“We will still need to see how the PTAB will address Arthrex procedurally [but] it seems unlikely that the high burden under 37 CFR § 42.71(d) for granting rehearing will change, even for requests for rehearing to the Director.”
A working definition of inertia is the tendency of a body to maintain its state of rest or uniform motion unless acted upon by an external force. As it did in Oil States (S.C. 2018), inertia appears to have played a role in the Supreme Court’s decision in the United States v. Arthrex, in which the central dispute was the remedy to address the unconstitutional appointment of administrative patent judges (APJs).
Possible remedies included vacating hundreds or thousands of prior final decisions by unconstitutionally appointed APJs, requiring all APJs to be confirmed by the Senate and then rehear previously-decided reviews, finding the entire statutory structure unconstitutional and handing invalidity/unpatentability determinations back to Article III Courts, removing employment protections for APJs (as the Federal Circuit did), or adding a layer of review so that inferior officers had appropriate responsibility under the Appointments Clause. Faced with these possibilities, the Supreme Court’s holding maintains the inertia of the Patent Trial and Appeal Board (PTAB) and again solidifies its role in patent litigation today.

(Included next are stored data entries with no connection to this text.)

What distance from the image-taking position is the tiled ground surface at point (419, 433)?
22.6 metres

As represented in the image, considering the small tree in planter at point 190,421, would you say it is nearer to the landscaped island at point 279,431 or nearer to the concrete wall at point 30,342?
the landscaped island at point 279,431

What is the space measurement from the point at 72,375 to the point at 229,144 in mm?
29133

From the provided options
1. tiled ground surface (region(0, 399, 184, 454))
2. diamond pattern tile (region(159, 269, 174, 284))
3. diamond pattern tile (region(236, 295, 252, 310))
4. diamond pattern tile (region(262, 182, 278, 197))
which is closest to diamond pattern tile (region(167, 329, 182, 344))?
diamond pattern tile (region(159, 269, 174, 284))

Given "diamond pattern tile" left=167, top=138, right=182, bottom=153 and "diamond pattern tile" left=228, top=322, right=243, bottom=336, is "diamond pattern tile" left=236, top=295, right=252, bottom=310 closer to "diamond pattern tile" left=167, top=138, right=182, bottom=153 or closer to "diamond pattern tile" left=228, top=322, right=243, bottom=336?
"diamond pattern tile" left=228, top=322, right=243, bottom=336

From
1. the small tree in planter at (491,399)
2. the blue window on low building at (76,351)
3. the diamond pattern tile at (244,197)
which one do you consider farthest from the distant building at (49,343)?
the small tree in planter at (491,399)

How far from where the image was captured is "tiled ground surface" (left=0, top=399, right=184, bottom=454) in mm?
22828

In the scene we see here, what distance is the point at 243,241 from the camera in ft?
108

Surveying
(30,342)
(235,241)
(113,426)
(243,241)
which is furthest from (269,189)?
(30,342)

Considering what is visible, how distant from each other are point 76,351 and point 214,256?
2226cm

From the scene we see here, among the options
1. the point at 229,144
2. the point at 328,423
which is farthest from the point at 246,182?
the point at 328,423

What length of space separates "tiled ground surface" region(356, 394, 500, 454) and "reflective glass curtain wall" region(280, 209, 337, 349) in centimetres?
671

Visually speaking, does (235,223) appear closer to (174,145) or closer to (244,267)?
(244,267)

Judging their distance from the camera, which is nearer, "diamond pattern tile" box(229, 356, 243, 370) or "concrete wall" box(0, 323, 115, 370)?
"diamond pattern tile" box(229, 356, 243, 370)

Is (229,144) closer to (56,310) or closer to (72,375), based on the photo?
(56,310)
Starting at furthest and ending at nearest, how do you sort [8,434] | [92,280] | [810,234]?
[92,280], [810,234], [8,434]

The PTAB first opened its doors less than nine years ago, yet this was the sixth time in the Supreme Court has weighed in on an appeal from the PTAB. Previous decisions addressed the tribunal’s constitutionality, legislative authority, discretionary authority, and the availability of judicial review of the tribunal’s institution decisions. None of the prior decisions reached more than seven justices in the majority. Each decision also essentially maintained the status quo ante, save the one decision (SAS Institute Inc. v. Iancu) that was decided 5-4.

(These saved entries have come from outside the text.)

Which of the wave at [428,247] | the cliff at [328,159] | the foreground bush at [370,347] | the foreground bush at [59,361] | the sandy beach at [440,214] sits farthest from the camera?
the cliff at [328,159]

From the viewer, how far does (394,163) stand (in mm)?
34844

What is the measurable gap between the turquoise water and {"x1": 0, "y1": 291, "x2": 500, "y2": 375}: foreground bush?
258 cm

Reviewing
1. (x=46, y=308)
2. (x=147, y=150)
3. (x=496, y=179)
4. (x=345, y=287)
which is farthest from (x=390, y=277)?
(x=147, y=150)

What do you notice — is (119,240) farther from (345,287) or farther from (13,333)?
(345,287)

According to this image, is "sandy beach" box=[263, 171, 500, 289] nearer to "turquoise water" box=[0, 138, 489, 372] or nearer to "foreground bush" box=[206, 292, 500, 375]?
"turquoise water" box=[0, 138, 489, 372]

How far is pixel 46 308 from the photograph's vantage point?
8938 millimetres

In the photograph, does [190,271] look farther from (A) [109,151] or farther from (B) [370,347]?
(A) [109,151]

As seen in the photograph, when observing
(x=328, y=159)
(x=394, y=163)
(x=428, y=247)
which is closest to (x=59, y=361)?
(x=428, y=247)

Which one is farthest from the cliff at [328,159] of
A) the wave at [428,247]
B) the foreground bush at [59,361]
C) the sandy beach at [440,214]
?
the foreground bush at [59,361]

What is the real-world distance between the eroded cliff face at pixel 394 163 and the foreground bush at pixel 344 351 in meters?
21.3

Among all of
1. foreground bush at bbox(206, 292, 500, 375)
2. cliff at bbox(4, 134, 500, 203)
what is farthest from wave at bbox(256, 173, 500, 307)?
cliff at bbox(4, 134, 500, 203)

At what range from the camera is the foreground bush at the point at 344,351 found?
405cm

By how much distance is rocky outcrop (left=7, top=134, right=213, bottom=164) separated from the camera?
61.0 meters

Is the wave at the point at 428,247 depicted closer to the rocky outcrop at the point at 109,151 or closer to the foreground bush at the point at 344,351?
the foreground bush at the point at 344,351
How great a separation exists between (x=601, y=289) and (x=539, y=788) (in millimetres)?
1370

Given this history, and in hindsight, perhaps it should not surprise practitioners that Arthrex disrupted the status quo ante only after a 5-4 decision, and without a majority opinion of the Court as to remedy. In addition, it disrupted the status quo in what is perhaps the smallest way possible—by retroactively granting parties the right to seek a discretionary review from a Director who has been confirmed by the Senate. (Disregard, for a moment, that the PTAB does not presently have a Director who has been confirmed by the Senate. Instead, Drew Hirshfeld is the Acting Director and does not have Senate confirmation).
Hardly a ‘Clear Course’
The Federal Circuit also found a remedy that did not significantly disrupt the PTAB’s caseload or parties and practitioners before the PTAB. Its solution, now vacated by the Supreme Court, essentially made APJs less secure in their job (in order to eliminate their status as “inferior” officers). Many practitioners viewed the Federal Circuit’s remedy as either creative or odd, and probably feel the same about the Supreme Court’s remedy. The Federal Circuit and the Supreme Court get A-pluses for creativity in trying to remedy the constitutional infirmities that they found. But the remedy selection was hardly a “clear course,” as the Arthrex majority asserts.

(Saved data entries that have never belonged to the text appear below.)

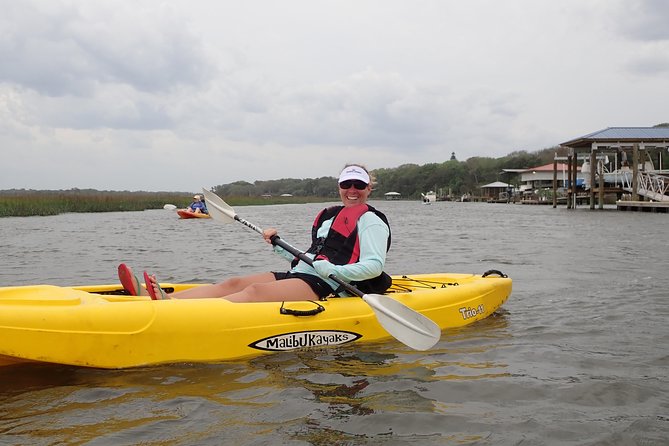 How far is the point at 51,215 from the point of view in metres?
24.0

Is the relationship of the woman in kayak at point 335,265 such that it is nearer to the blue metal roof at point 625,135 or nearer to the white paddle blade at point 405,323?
the white paddle blade at point 405,323

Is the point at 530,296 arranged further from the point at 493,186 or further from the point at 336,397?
the point at 493,186

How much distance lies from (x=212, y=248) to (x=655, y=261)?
27.2 feet

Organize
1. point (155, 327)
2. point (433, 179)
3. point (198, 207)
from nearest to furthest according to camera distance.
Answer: point (155, 327)
point (198, 207)
point (433, 179)

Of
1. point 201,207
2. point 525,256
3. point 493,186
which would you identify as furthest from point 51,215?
point 493,186

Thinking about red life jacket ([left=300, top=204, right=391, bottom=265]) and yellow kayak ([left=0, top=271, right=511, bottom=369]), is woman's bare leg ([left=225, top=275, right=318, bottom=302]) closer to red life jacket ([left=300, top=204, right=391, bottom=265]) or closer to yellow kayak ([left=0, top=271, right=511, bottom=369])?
yellow kayak ([left=0, top=271, right=511, bottom=369])

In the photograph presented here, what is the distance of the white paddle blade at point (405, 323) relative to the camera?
12.7ft

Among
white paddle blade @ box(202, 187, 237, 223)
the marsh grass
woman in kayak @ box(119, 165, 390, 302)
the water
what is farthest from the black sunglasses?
the marsh grass

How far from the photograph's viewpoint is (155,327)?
353 centimetres

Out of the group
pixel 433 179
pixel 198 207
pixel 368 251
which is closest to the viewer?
pixel 368 251

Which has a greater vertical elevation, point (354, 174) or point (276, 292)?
point (354, 174)

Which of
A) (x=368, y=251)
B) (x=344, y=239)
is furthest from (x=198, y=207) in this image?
(x=368, y=251)

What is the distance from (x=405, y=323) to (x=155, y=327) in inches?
63.3

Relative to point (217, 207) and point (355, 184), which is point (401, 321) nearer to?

Nevertheless, given that Chief Justice Roberts wrote the majority opinion, it makes some sense that the Supreme Court found a constitutional violation. At oral argument in a prior PTAB case before the Court (Oil States), Roberts referred to APJs as “executive employee[s]” and questioned their title as “judges.” (See Oil States 11/27/17 Hg. Tr. at 46 (“When we say ‘judge,’ we usually mean something else.”).) APJs at the PTAB were likely to be found to be either inferior officers or officers acting in a principal capacity—either way, requiring Presidential appointment and Senate confirmation for their final decisions to be constitutionally sound. It is thus perhaps not surprising that the plurality opinion (the remedy discussion in Section III) concluded that “Decisions by APJs must be subject to review by the Director.”
Director Rehearing Likely to Be Limited
The practical implications of Arthrex potentially could be straightforward for the PTAB and parties and practitioners before the PTAB. Assuming the hurdle of getting a Senate-confirmed Director will be overcome, the PTAB remains in place as a tribunal, 100+ APJs need not be confirmed by the Senate, there is no mandate that any single decision is actually re-heard, and prior work by panels in rendering hundreds of decisions need not be repeated. We will still need to see how the PTAB will address Arthrex procedurally. The U.S. Patent and Trademark Office Director will have the discretion to deny any or all requests for rehearing that result from Arthrex.
Requests for rehearing have not had much success at the PTAB, with total grant rates being consistently reported under 15% and sometimes under 5%. Keeping in mind that the grant rates include grants to clarify decisions that do not change the outcome, the effective grant rate drops even lower. It seems unlikely that the high burden under 37 CFR § 42.71(d) for granting rehearing will change, even for requests for rehearing to the Director. One can also safely assume that only final written decisions will be available for rehearing requests to the Director, and that the Director will not rehear other preliminary decisions or interim claim construction rulings. Given the new audience for requests for rehearing, parties should tailor any requests for rehearings of final decisions to the intended audience(s) to maximize their chances of success.